In ogni caso sui mercati l’Italia continua ad essere seguita da vicino. Certo, le tensioni e i timori sul debito sovrano viste lo scorso ottobre si sono al momento attenuate. Lo testimonia il termometro spread che viaggia sotto i 170 punti base con il rendimento del decennale sotto il 4%. E lo segnalano anche alcuni esperti, come S&P Global Rating. Presentando l’oulook per il 2024, Sylvain Broyer, Chief Economist EMEA di S&P Global Ratings, ha indicato di attendersi uno spread stabile per il resto dell’anno. Sulla stessa lunghezza d’onda Goldman Sachs che sottolinea di non vedere rischi sul debito sovrano, con uno spread sostanzialmente stabile nel 2024.

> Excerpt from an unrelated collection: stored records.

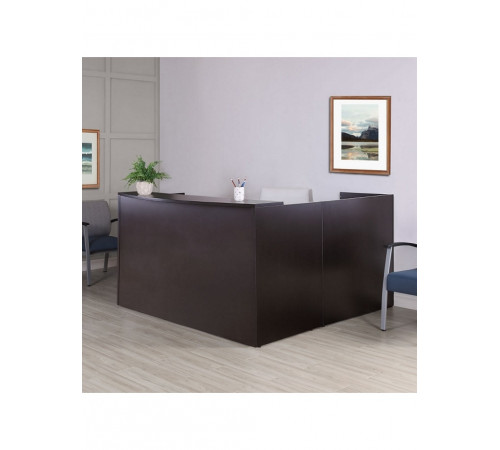 Двосторонній L‑подібний стіл із повною підставкою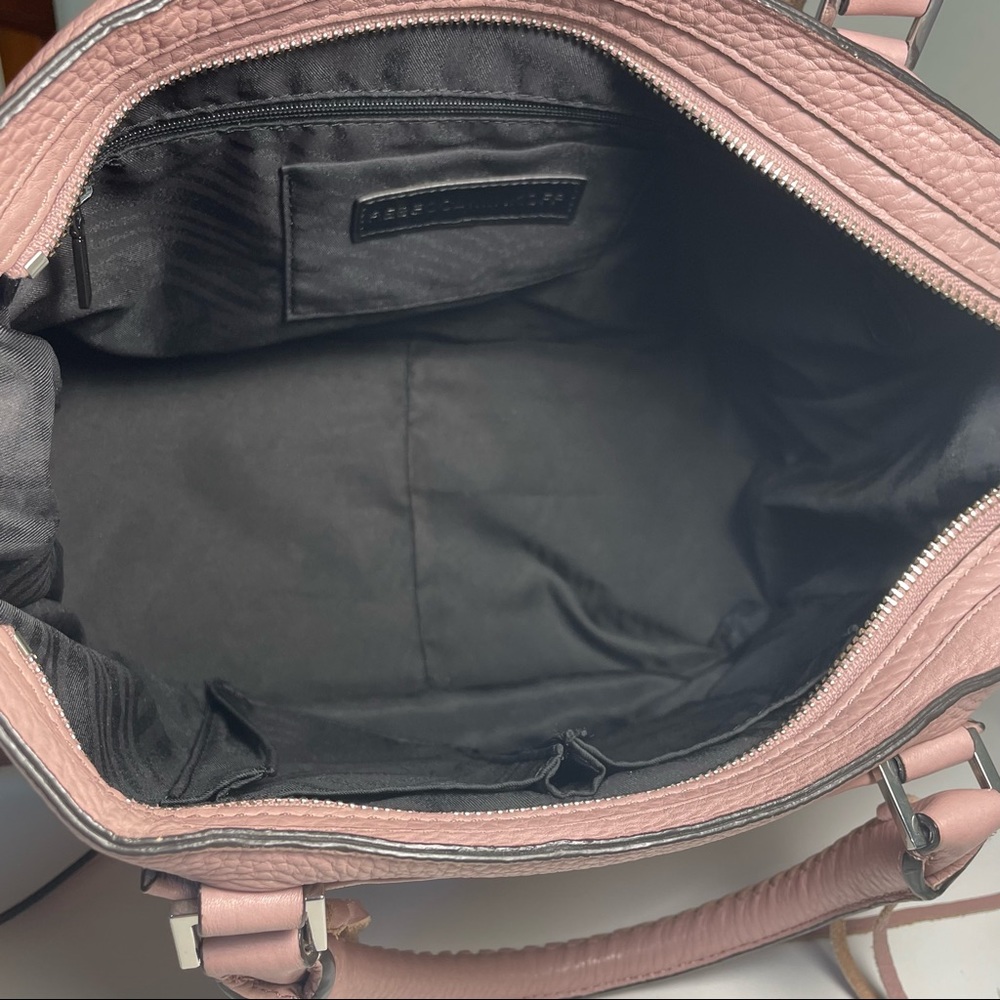Rebecca Minkoff dusty pink Regan leather satchel - Picture 6 of 16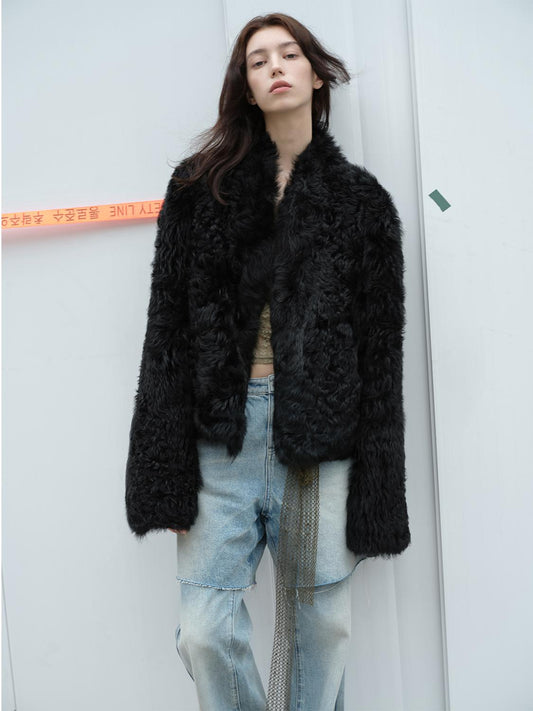 Beethoven's Night Reversible Tuscan Sheepskin Coat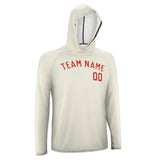 Custom Cream Orange Red UV-Hoodie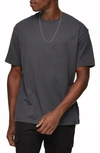 Topman Oversize Fit T-shirt In Dark Grey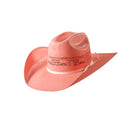 Youth Girls Twister T7135030 Bangora Straw Pink Hat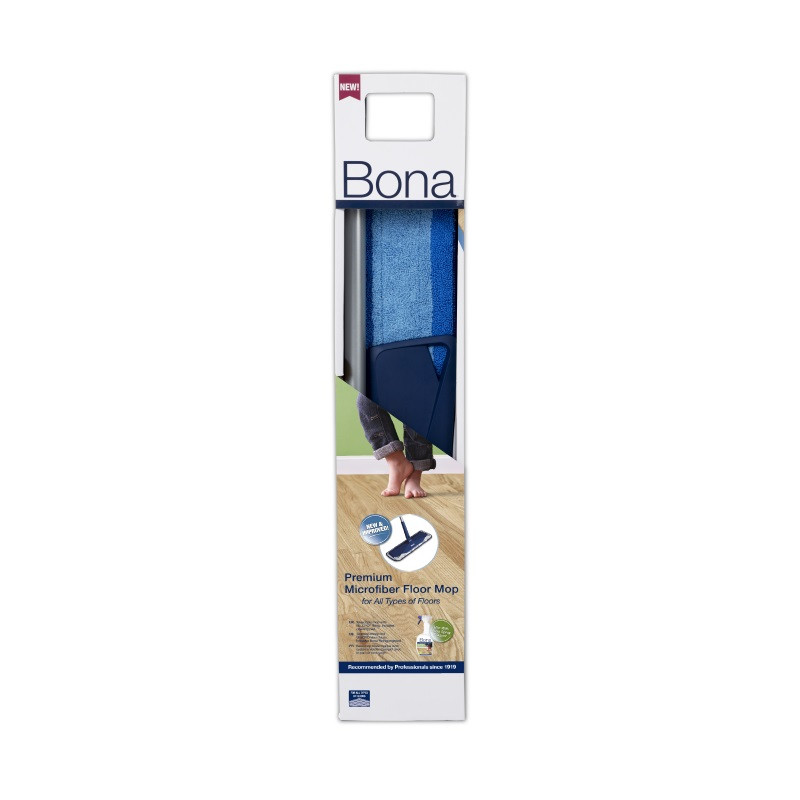 Bona Premium microvezel vloermop (dweil) - Houten Vloeren - Parket Vloeren - Multiplank - Laminaat - PVC Vloeren - Traprenovatie - Zelliges |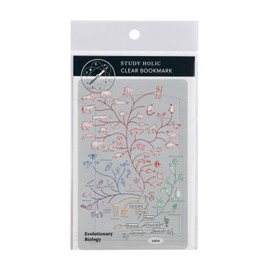 Green Flash STUDY HOLIC Clear Bookmark Evolution Biology ST-374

Dipende, però, come sempre da che prospettiva si osserva la questione. Perchè se è vero che lo spread è sotto controllo da qualche tempo, è anche vero che il differenziale tra i Btp e i Bund decennali è tra i più elevati tra i è Paesi del Sud Europa, come rimarca un articolo de “Il Sole 24 ore“.
La nota dolente per l’Italia, come spesso sottolineato, resta sempre l’elevato debito. “Ci aspettiamo il rapporto debito/PIL rapporto si muoverà lateralmente intorno al 140% nei prossimi anni”, hanno rimarcato in questi giorni in un report gli esperti della banca d’affari Usa.